Posted by Lee Hayhurst on
Mastercard Travel Landscapes: Travel websites should stop focusing on the lowest price

Travolution and Mastercard held an inaugural Travel Landscapes event this week with senior travel delegates hearing from inspiring speakers on the dreaming, booking and experiences phases of travel. Lee Hayhurst reports

Too many travel websites fall into the trap of setting initial customer expectations around the lowest possible prices, Delegates at a Mastercard Travel Landscapes event heard.

Andy Owen-Jones, founder and chief executive of bd4travel, said: “It’s like setting up Poundland and then trying to sell them something more expensive.

“Price is probably the last thing you want to anchor people on. Ideas get shaped as we compare and yet our sites are not designed around making it easy to compare.

“It’s only in the context of something else that you can make a choice about something. It’s important to show data that can be compared rather than showing it in isolation.

“My view is most people do not know what they want to look for before they start looking.”

Owen-Jones said despite having huge amounts of data, most travel retailers have no idea why people end up buying one particular product over another.

He said when he was the boss of German travel technology firm Traveltainment, which had 98% share of the market, no firms had detailed insight into customer behaviour.

“No one could tell me what was happening on their site today, what was working and what was not working, who is looking for what, what are they looking for and not finding.

“None of the senior guys were really asking the question of why am I selling this to this person and that to that person.

“They were all concerned about their conversion rates but it was all about averages and personas or segments and not individuals.

“People would run A/B tests. They are fantastic but they make your site by definition more and more average and actually no one is average.

“Somehow that’s counterintuitive when you are trying to sell something. You have to understand what customers want and do something about it.

“Make it obvious that something is good value and something else is not.”

Owen-Jones said despite the often convoluted path to purchase in travel because people are often inundated with options limiting choice could be an error.

He said travel website can offer overwhelming choice, academic studies of which show that humans struggle with when they want to choose quickly, it’s hard to compare, when they do not have a particular preference and when the product is complex.

“Many travel choices fulfil those criteria. Some times we have too many options. At Traveltainment we had 60 billion offers in our system.
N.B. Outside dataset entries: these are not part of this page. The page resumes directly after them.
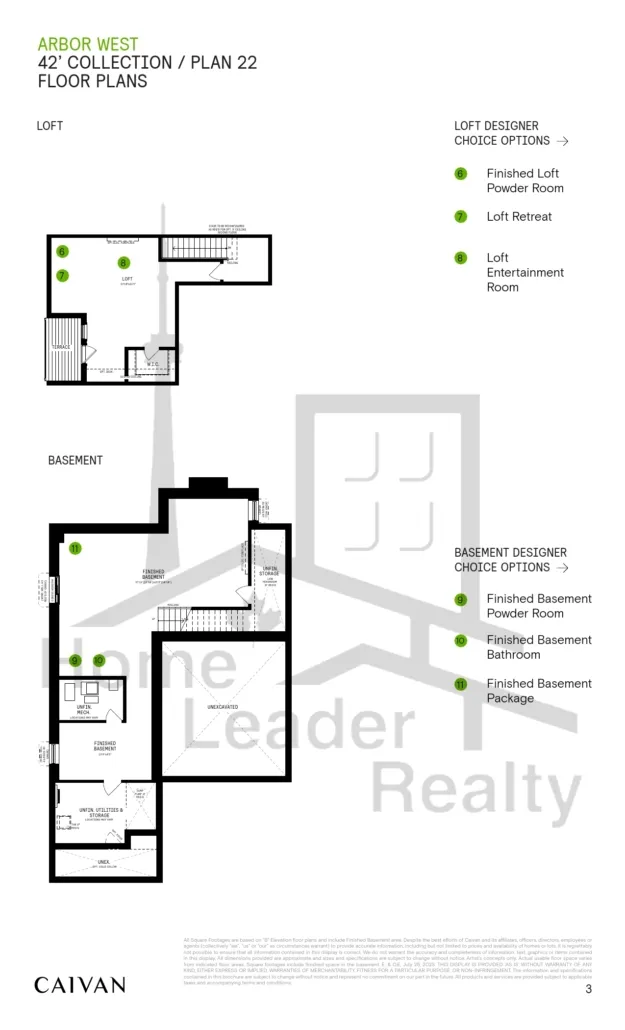 Arbor-West-Homes-Condos-Model-42'-Collection-Plan-22-floorplan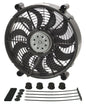 Electric Fan - 18212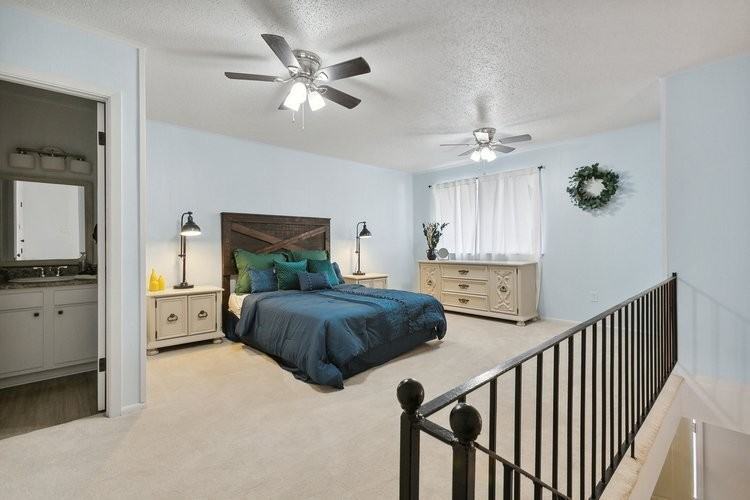 2413 Houma Boulevard - Photo 3 of 25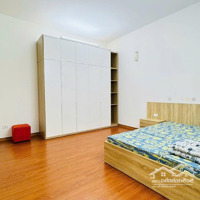 Chỉ Hơn 1 Tỷ Căn Hộ 40M2 1Pk - 1 Phòng Ngủ- 1 Vệ Sinh Sổ Sách Đầy Đủ. Đông Ngạc - Bắc Từ Liêm - Hà Nội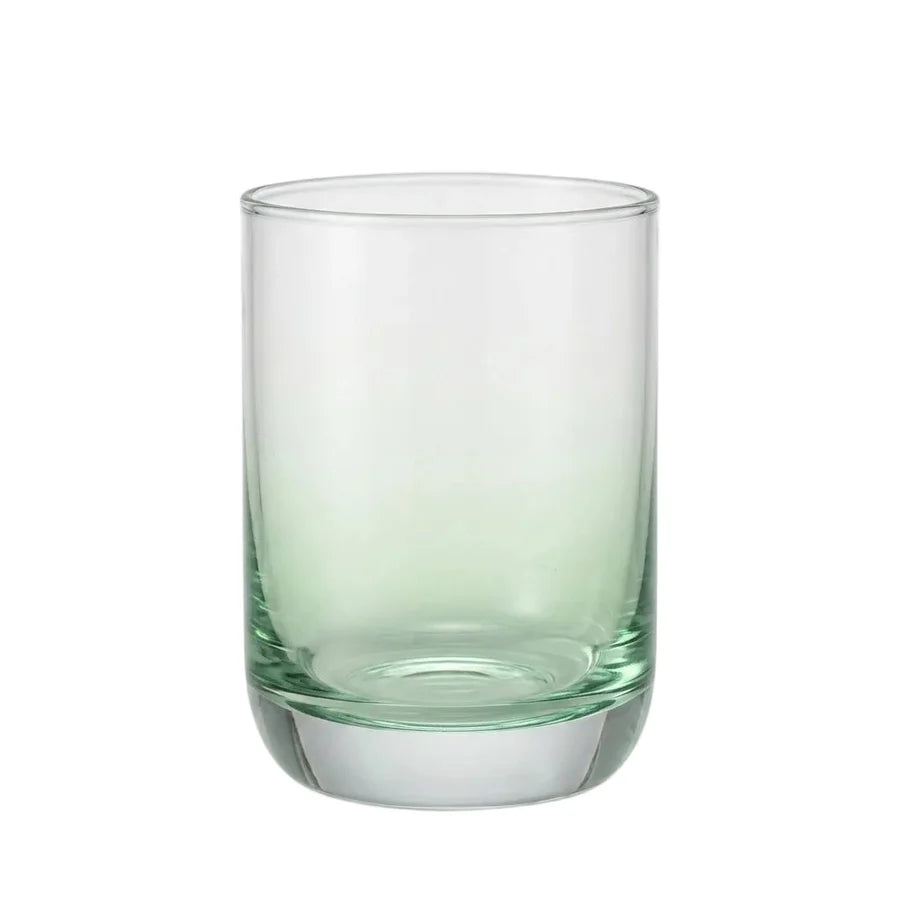 4Pcs Glass Set 310ml 12c Regular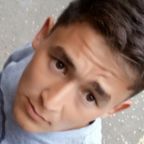 Билал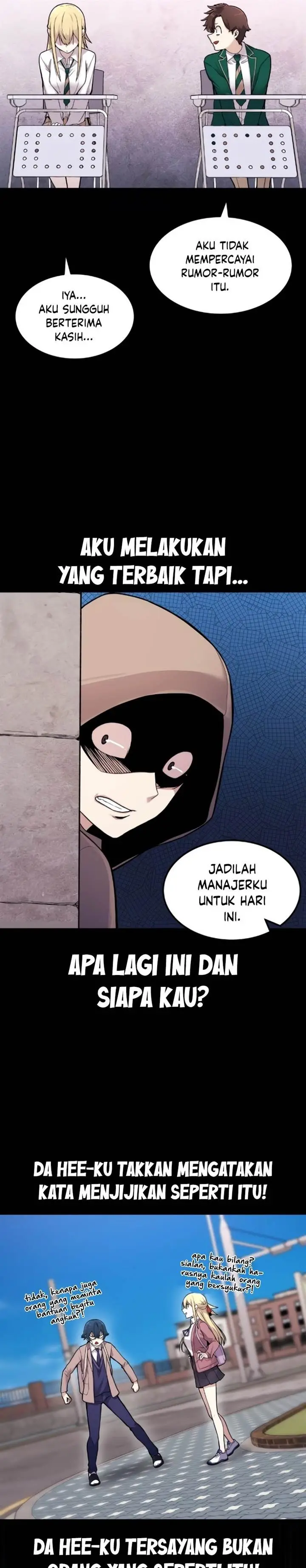 image-komik-webtoon-character-na-kang-lim-chapter-6-6/56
“But people like looking for their holidays so I’m not sure we want to make the process all that much simpler or compressed.

“If you are booking a two week holiday you can often take the equivalent of two weeks, spread over a longer period.

“I’m not sure you actually want to limit choice. You need to be comprehensive but you need to pick out the things that are important to people and pick out those anchor points.

“Limiting choice could be a mistake but appropriate anchoring maybe better than just doing it around price.

“But in travel we anchor people on the lowest possible price. A lot of low-cost carriers have engineered a quite destructive pricing policy.

“You only get the full price right at the end, hence people drop out.”

Travel websites have poor conversion because they focus on telling people about the features of a product rather than asking them questions about what they want.

“We are not asking questions of anyone and we are not taking notice of what they are telling us. We decided to build a system to help you understand your customers online.”